Ce n’est pas si facile de mettre en scène un film sur le Démon, qui ne soit pas caricatural et simpliste ; la tentation (je choisis le mot à dessein) consiste à multiplier les images épouvantables et à flatter le goût du public pour les coups au cœur. Spiliotopoulos n’est pas absolument dépourvu de ce défaut et les quinze dernières minutes de La Chapelle du diable y tombent carrément, ce qui fait un peu fléchir mon appréciation ; mais je suppose que, commercialement parlant, il fallait passer par là. Dommage : le Diable n’est jamais si convaincant que lorsqu’il s’avance feutré et cauteleux (tiens, voyez La main du diable de Maurice Tourneur pour comprendre ce que je veux dire).

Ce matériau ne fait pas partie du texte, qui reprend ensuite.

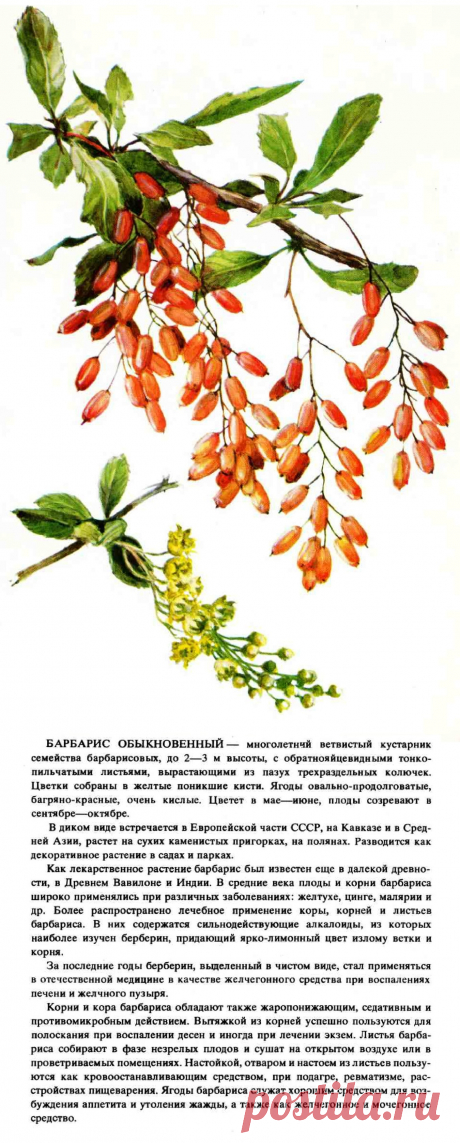 Барбарис обыкновенный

Ce n’est pas facile non plus de tourner, dans une veine très encombrée, un film qui fait peur ; à tout le moins qui fait naître l’inquiétude. D’ailleurs le réalisateur, qui connaît sa grammaire et son vocabulaire cinématographiques, est bien contraint de puiser des idées chez les grands précurseurs. J’ai essentiellement décelé l’influence du Masque du démon de Mario Bava et de l’indépassable Exorciste de William Friedkin. Mais on pourrait distinguer, ici et là, d’autres influences ; d’ailleurs on ne rate jamais ses effets lorsque l’on filme une forêt nocturne envahie par la brume. Et c’est très bien ainsi, parce que c’est là une atmosphère qui fiche effectivement les chocottes.

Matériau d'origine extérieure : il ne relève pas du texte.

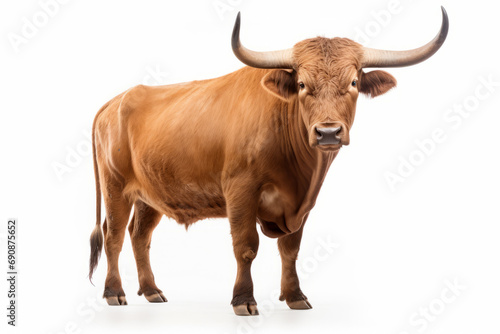 Close up photograph of a full body bull isolated on a solid white background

Pour faire bref, voilà l’intrigue : Jerry Fenn (Jeffrey Dean Morgan), journaliste qui fut célèbre mais qui, grisé par cette célébrité est allé trop loin en inventant de faux faits divers et qui désormais vivote, est appelé pour une pige à Banfield, bourgade perdue du Massachusetts. Le fait divers – la mutilation sadique d’une vache, mode récente qui désormais fait flores – fait long feu. Par une suite de hasards (guère convaincants au demeurant), Fenn découvre l’étrange relation que la jeune Alice (Cricket Brown), orpheline sourde et muette hébergée par son oncle, le prêtre catholique Hagan (William Sadler) entretient avec une Dame qui lui parle et la conseille. Et peu à peu, la Dame conduit Alice à dispenser autour d’elle des miracles ; en premier lieu le sien propre puisqu’elle recouvre la parole.

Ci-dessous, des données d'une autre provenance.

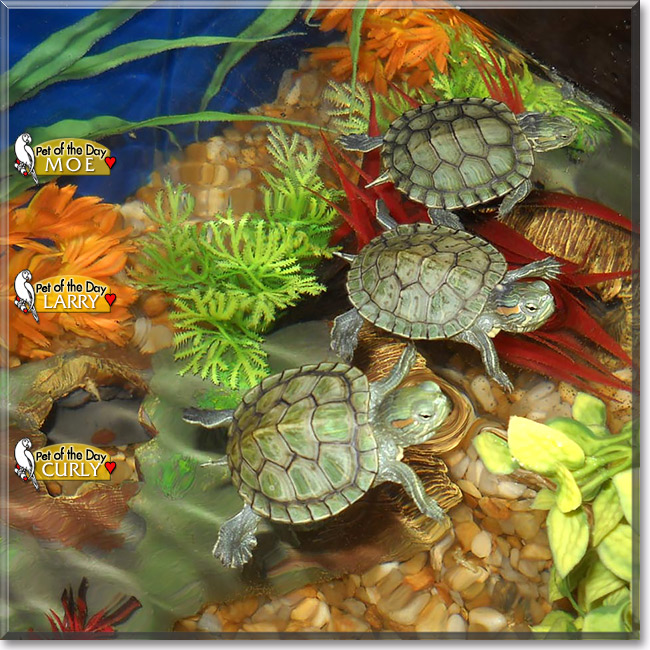 Larry, Curly & Moe, the Pet of the Day Larry, Curly & Moe, the Pet of the Day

Apparition et miracles : on évoque donc là la situation de Lourdes, de Fatima, de Medjugorje ; on évoque d’ailleurs assez mal ces sanctuaires de la piété populaire puisque l’Archevêque de Boston (Cary Elwes), émoustillé à l’idée que son Diocèse pourrait abriter un site sacré – et rémunérateur – indique en conférence de presse qu’à Lourdes ont eu lieu depuis 1858, plus de 50000 miracles alors qu’aujourd’hui l’Église ne reconnaît que 70 guérisons. Admettons de toute façon que ce n’est pas dans un film de ce genre qu’on peut trouver une orientation bien ferme et une théologie solide.
Ce qui est très intéressant dans le film, c’est donc la conduite de Satan : c’est lui qui, depuis l’origine mène la danse ; il a d’ailleurs commencé très tôt puisqu’il a dès la fondation de Banfield, en 1845, infesté l’esprit de Mary Elnor (Marina Mazepa), qui fut brûlée, portant sur le visage un masque (c’est là l’influence de Bava) et qui est une ancêtre directe de la jeune Alice et son vecteur maléfique.
Le film ne manque pas de structure et ce qu’il réussit le mieux, c’est de montrer le caractère insidieux, trompeur – à proprement parler satanique – du Démon qui est prêt de triompher. J’aurais aimé qu’il allât au bout de sa logique, dévastant les âmes et la contrée. Mais ça se termine bien.
Dommage : la réalité est moins optimiste.